Exercise aim:
When you reach the line with "A Creche e o" in the data below, begin printing lines exactly, and stop once the line with "مهرجان بغداد السينمائي" has been printed.

──────── Entries shown

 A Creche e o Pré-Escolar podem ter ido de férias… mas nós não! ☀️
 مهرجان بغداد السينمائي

────────────────
──────── Entries shown

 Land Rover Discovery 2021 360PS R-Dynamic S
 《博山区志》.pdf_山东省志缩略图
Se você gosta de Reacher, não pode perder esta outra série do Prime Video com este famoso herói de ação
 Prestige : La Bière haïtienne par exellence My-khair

────────────────
──────── Entries shown

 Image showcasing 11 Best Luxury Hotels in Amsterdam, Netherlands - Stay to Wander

────────────────

Expected output:
 A Creche e o Pré-Escolar podem ter ido de férias… mas nós não! ☀️
 مهرجان بغداد السينمائي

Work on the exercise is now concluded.